8 février 2021

Quand la scoute devient femme

Par allumefeu

Enfant, j’étais ce que l’on appelait alors un garçon manqué. Cette expression n’a pas de sens. Comme s’il me manquait quelque chose. Comme si j’étais incomplète, incomplète en tant que mec, parce qu’il manquait un membre dans ma petite culotte. Incomplète en tant que fille, mon comportement ne répondant pas à ces cases qu’il fallait cocher. En tant que gamine, c’était seulement pour échapper à ces interdictions, celle de ne pas monter dans les arbres pour ne pas effiler mes collants, avoir le droit de jouer aux jeux de construction tout en y mettant mes Barbie, avoir la possibilité de rentrer dans tous les cercles amicaux, la corde à sauter et la balle au prisonnier. Mais quand viens l’adolescence, que le corps se transforme, alors il faut faire un choix. On est observé.e .s, jugé.e.s, oppressé.e.s jusqu’à choisir un camp. J’étais femme. En grandissant c’était devenue une évidence pour moi, mais beaucoup moins évident de vivre ce parcage dans la cour de récréation. En France, l’école publique est mixte, et c’est un bien beau mantra que l’Education Nationale aime brandir avec fierté. Mais dans les faits, soyons honnêtes, dans l’enceinte du collège filles et garçons font bande à part, ne se croisant qu’au détour d’un drama ou d’un timide smack, et jamais l’équipe pédagogique ne tentera une réunification entre ces groupes, sous couvert de « Les filles sont comme ci / Les garçons sont comme ça ».

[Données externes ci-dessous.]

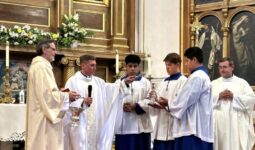 Santa Misa de acción de gracias por Don Román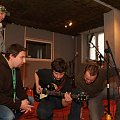 Studio Zgniatacz Dźwięków NIPU nagrywa demo. Najpierw trzeba brzmienie ustawić, a pokręteł nie brakuje. #nipu #matys #koncerty #blues #rock #kraków #muzyka #michał #gitara #bas #bebny #perkusja #KSW #vaciak #junior #leszek #adam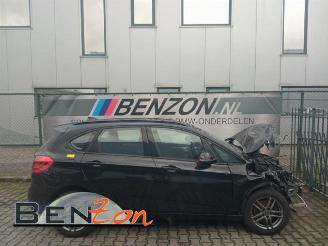 Vaurioauto  passenger cars BMW 2-serie  2015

A douze ans, je discute avec un ami de mon cours de théâtre, il me parle de ses week-ends sous la tente, à jouer et à réaliser des taches autonomes. Arrivée chez moi, je demande immédiatement à mes parents de m’y inscrire, et deux semaines plus tard me voilà au milieu de jeunes au foulards verts et oranges. La suite de l’histoire, je vous la raconte en mon nom, en tant que jeune blanche hétéro dans le sud de la France, et au nom de quelques amies de camps que j’ai contacté pour cet article, et que je remercie de leurs temps et de leurs réponses.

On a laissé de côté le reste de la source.